A outra lenda perpetuou-a um romance espanhol do século XVI, onde se conta a história de certo fidalgo chamado Don Bernaldino que se matou ao fio da espada, de desespero, porque a sua amada se partira para ‘longes terras’; no rico monumento de cristal onde ele ficou sepultado gravaram-se estas palavras:
- Aqui está Don Bernaldino, que murió por bien amar.
E eis os elementos com que podemos responder à pergunta de há pouco: quem era Bernardim Ribeiro? Um poeta alentejano da corte de Manuel I e João III, que conviveu com os poetas do “Cancioneiro Geral”, e nomeadamente com o Francisco Sá de Miranda, e que deixou à sua roda uma lenda amorosa que o emparceira com o célebre Macias, o enamorado, e o impôs fora de fronteiras como um exemplo do português que sabe morrer de amor.
Tudo quanto vá além disto é hipótese; mas nisto, pelo menos, pode o leitor acreditar confiadamente.
Não menos enredado é o outro problema: que escreveu Bernardim Ribeiro?
Ele é o autor incontestado de, pelo menos, uma novela, cinco éclogas, um romance e várias poesias menores, cujas credenciais pode o leitor verificar na «Introdução» de D. Carolina às “Obras de Bernardim Ribeiro e Cristóvam Falcão”. Discute-se, porém, se ele é ou não é o autor da écloga chamada “Crisfal”, uma das obras-primas da bucólica românica, e se lhe pertence uma segunda parte ou continuação da novela cuja parte primeira sabemos ser de sua mão. Mas aqui a nossa situação não é a mesma que no problema biográfico, porque estamos em presença de dados mais objectivos, como sejam os próprios textos em discussão; e ver-se-á, nas páginas que se seguem, como da sua análise podem resultar novas luzes.
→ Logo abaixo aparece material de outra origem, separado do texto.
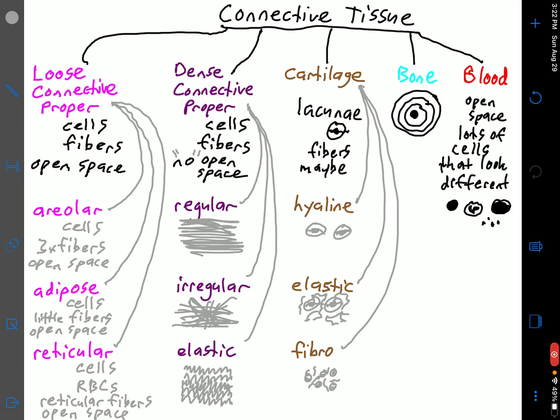And there we have it — connective tissues working down into loose connective tissue proper, dense connective tissue proper, cartilage, bone, and blood. Then getting even more specific into areolar, adipose, and reticular for loose; regular, irregular, and elastic for dense; and hyaline, elastic, and fibrocartilage for cartilage. I hope this video significantly helps you understand connective tissues, how they're organized, and how you can identify them on histology slides.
Começaremos pelo “Crisfal”.
Quando, em 1908, Delfim Guimarães publicava o seu livro onde reivindicava para Bernardim Ribeiro as obras atribui das a Cristóvão Falcão, a nova tese pareceu audaciosa porque vinha destruir uma tradição de cinco séculos. Como, porém, essa tradição se baseava num único texto, os dizeres do primeiro editor das obras, bastava que se provasse que o autor desse texto estava em erro, ou que as suas palavras não tinham o sentido que hoje lhes damos, para a tradição perder completamente o pé. Delfim Guimarães procurava demonstrar:
- que Cristóvão Falcão não podia ter escrito as obras poéticas que lhe são atribuídas (a écloga e uma carta em verso escrita da prisão a sua senhora), porque era também o autor de uma carta dirigida ao Rei e inçada de erros de ortografia e de sintaxe e porque a lenda dos seus amores com Maria Brandão, que teriam dado origem a estas obras poéticas, era destruída pela impossibilidade cronológica, segundo as hipóteses estabelecidas por Teófilo Braga;
- que o autor das obras em questão era Bernardim Ribeiro, não só por causa da semelhança de estilo daquelas com as éclogas de indiscutida autoria bernardiniana, mas também porque o esquema da história narrada numas e noutras e ainda na “Menina e Moça” era idêntico: a história de Bernardim, afinal.
Portanto, os primeiros editores das obras de Bernardim Ribeiro ou se tinham enganado ou tinham mentido, porque o autor da famosa écloga não era Cristóvão Falcão; e o criptónimo Crisfal formava-se não das sílabas iniciais daquele nome, mas da expressão “Crisma Falso”, atrás da qual Bernardim se quis encobrir». In António José Saraiva, Poesia e Drama, Estudos sobre Bernardim Ribeiro, Gradiva Publicações, Lisboa, 1996, ISBN 972-662-477-0.